4:48PM PDT on May 22, 2012

Just ENJOY each other

7:57PM PST on Feb 23, 2012

Haha goes to show how ludicrous it is then?!

12:49AM PST on Feb 13, 2012

Yes, sure, we've heard of the happily ever after since we were in preschool... But you know, this article is geared toward high schoolers. Please say that adults are more mature, because if adults are really expecting this frivolous holiday to turn out so special, maybe they deserve to be tormented for being childish and materialistic?

I tend to enjoy more of the Shrek inspired pair of Donkey & Dragon. We celebrate totally unconventional, but, the way I figure is we get our tax return not much later than this holiday, and my birthday is right near it. I'd rather do something better for the two of us or the family rather than have some cut flowers that will only wilt in a few days.

I'm also a home care aid, and well, I'll tell you, expensive jewelry and my job DON'T go together. As a diabetic, chocolate is off the list. Plus we need to lose weight.

The way I like to celebrate? Cook the easiest meal we can find in the house, even if it means reheating leftovers, take a nice relaxing shower together, and follow it up with a good fun session to help us sleep really good...

7:38AM PST on Feb 10, 2012

NOTED!

4:27PM PST on Feb 8, 2012

If 2 people love each other then they show their love all year round,not just for one day a year,I think its silly and too expensive,its like almost everything else now its too commercial

10:45AM PST on Feb 8, 2012

If people are in a loving relationship, they find ways throughout the year of showing that love without a "special" day to remind them.

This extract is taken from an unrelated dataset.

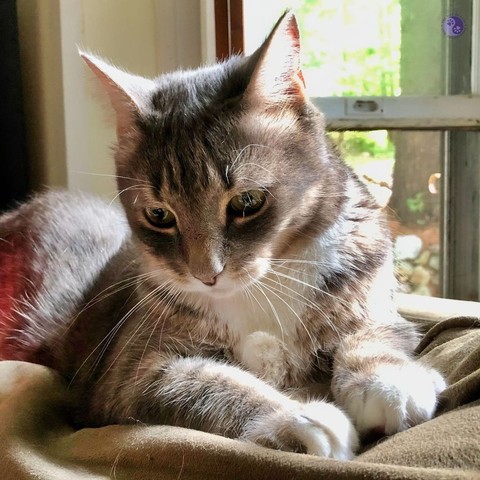 A gray tabby teen cat relaxing in sunlight with a contemplative pose of staring down, off camera, with big white paws prominent.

10:31AM PST on Feb 8, 2012

Back in the 60s, my excuse for a grade school (upstate NY) tried to force this fake 'holiday' on us. I refused to connect with it; when they quit nagging for Jr High I completely ignored it and when my folks moved to Tuscaloosa AL for my highschool years I all but forgot it. My parents (married over 50 years until my mum died at age 78) never celebrated it. I never considered it a holiday because we never got a day off for it.

Nowadays, I might go to an orgy or celebrate physically with my lover for Lupercalia, but I still ignore 'Valentines' as a useless memento of a stupid monk beheaded for an illicit lover. The beginning of the Roman Republic is much more meaningful 2760 years ago than some idiot monk a couple hundred years past. So much for Choco-Greed Greeting Card day!

9:56AM PST on Feb 8, 2012

great article thanks!!

7:41PM PST on Feb 7, 2012

Give a gift only when you really mean it.